Many of the rules regarding legal evidence restrict the use of evidence for epistemic reasons – i.e. to help ensure that jurors or judges reach the correct decision – but some rules actually work against the epistemic good. This involves a kind of epistemic paternalism, in the sense that the legal system is controlling what evidence the jurors have access to because it doesn’t trust them to evaluate the evidence correctly. There is a rationale behind such epistemic paternalism, which is that we want our legal system to be such that it protects the rights of the innocent, and hence that there are safeguards in place to try to limit the potential for innocent people to be wrongfully found guilty of crimes.
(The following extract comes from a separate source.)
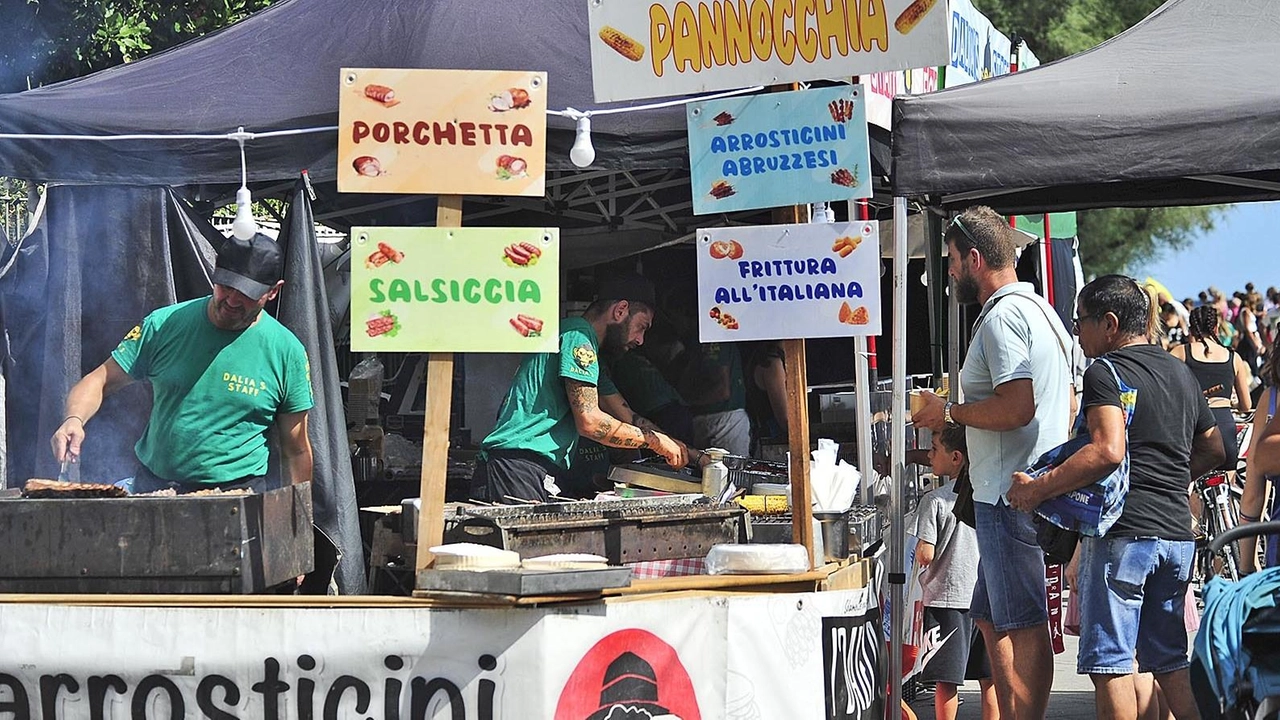 Folco Bastianelli, proloco Canavaccio: "Questa novità ci piace molto, già da oggi ho visto tanta gente". Gettonatissima la specialità del ’Poggio’ di Davide Vagnini. Spopola anche la porchetta di Novafeltria.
We looked at two different types of legal system. The first is the adversarial legal system which involves the prosecution and the defence each being charged to mount the strongest opposing case that they can. In contrast, there is also the investigatory legal system where the judge plays a more truth-seeking role. Finally, we examine the nature of legal evidence. It is problematic to base legal judgements on merely statistical evidence, even in the context of civil cases where we are trying to determine liability rather than guilt (and thus where the epistemic thresholds in play are lower). More generally, it is also problematic for a legal system to allow that someone could be convicted purely on the basis of a single piece of evidence, no matter how strong it is, as it would open up the prospect of there being an unduly high number of wrongful convictions. But ensuring that a legal system avoids wrongful convictions can also lead to some types of crime having very low conviction rates, and thus victims of crime not receiving the justice they deserve.